During Mr. Li's visit to Pyongyang this week, China reported that its
trade with North Korea from January through July reached $3.1 billion, an 87
percent increase over the same period last year. China's portion of North
Korea's external trade rose from 39 percent in 2006 to 57 percent in 2010,
according to the Korea Trade-Investment Promotion Agency in Seoul. Half of the
$1.2 billion in North Korean exports to China last year were iron ore and coal.

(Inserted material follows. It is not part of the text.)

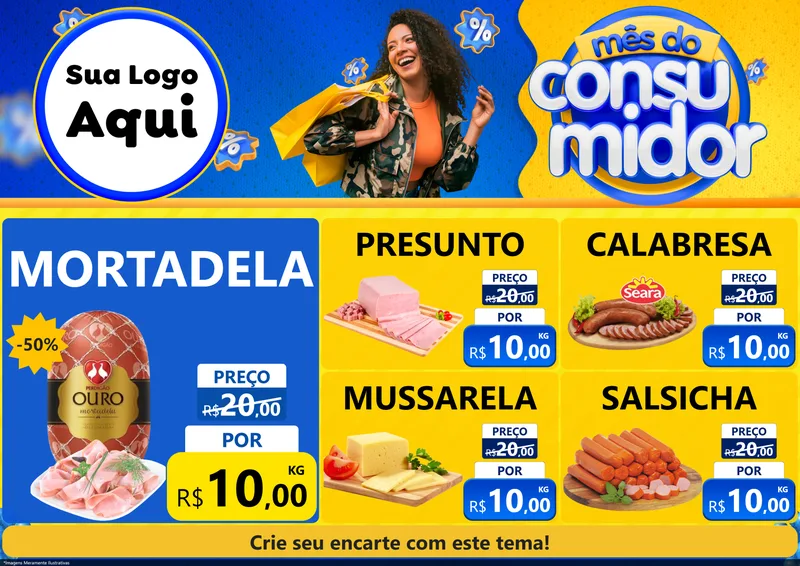 Modelo de Encarte para Encarte A4 Horizontal com o tema Mês do Consumidor para Frios e Laticínios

For Pyongyang, Chinese investment has one major advantage: It is ''less
politically sensitive'' than investment from capitalist rivals like
South Korea, said Lee Hee-ok at Sungkyunkwan University in Seoul. ''But to
avoid being subjugated by China, North Korea will reach out to improve ties
with the United States, South Korea and Russia as a counterbalance.''
Last week, the South Korean foreign minister, Kim Sung-hwan, said,
''It's a good thing if North Korea learns economic development from China.''
Still, Chun Yung-woo, the national security adviser to Mr. Lee, voiced
a growing concern among South Koreans over a rising China, especially after
Beijing effectively sided with North Korea over the shelling of the South
Korean island and the sinking of a South Korean warship last year.
''I am not sure if China's performance over the past year or so has
drastically improved the marketability of the 'peaceful rise' or the image of
benevolent hegemon,'' Mr. Chun said at an international forum this month.